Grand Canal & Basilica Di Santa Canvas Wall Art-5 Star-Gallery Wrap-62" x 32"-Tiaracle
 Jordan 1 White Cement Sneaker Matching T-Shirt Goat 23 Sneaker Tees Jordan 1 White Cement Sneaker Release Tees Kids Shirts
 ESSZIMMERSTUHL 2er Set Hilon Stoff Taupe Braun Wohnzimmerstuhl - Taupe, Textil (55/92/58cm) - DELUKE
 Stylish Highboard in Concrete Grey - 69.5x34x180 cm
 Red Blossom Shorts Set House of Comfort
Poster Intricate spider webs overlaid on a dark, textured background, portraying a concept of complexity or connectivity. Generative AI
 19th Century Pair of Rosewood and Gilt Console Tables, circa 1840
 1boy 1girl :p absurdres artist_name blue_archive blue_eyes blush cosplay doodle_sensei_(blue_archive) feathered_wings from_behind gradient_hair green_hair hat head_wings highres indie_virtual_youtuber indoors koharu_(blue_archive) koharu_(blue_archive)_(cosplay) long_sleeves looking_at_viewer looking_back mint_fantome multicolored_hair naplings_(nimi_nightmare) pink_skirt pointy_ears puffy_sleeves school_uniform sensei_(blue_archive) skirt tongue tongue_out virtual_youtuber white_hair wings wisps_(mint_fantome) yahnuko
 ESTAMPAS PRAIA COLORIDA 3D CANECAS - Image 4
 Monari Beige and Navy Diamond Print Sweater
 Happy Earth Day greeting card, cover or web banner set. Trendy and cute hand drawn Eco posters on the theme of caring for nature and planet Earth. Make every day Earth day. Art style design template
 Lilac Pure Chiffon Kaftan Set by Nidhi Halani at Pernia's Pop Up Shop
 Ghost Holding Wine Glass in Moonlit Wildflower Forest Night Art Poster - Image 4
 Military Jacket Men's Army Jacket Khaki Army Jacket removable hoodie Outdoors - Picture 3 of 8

---*---

Exercise goal |
Among the entries above, the lines between the ones containing "19th Century Pair" and "Monari Beige and Navy Diamond Print Sweater", inclusive, are to be transcribed exactly. No other line is to be given.

Output for this exercise |
 19th Century Pair of Rosewood and Gilt Console Tables, circa 1840
 1boy 1girl :p absurdres artist_name blue_archive blue_eyes blush cosplay doodle_sensei_(blue_archive) feathered_wings from_behind gradient_hair green_hair hat head_wings highres indie_virtual_youtuber indoors koharu_(blue_archive) koharu_(blue_archive)_(cosplay) long_sleeves looking_at_viewer looking_back mint_fantome multicolored_hair naplings_(nimi_nightmare) pink_skirt pointy_ears puffy_sleeves school_uniform sensei_(blue_archive) skirt tongue tongue_out virtual_youtuber white_hair wings wisps_(mint_fantome) yahnuko
 ESTAMPAS PRAIA COLORIDA 3D CANECAS - Image 4
 Monari Beige and Navy Diamond Print Sweater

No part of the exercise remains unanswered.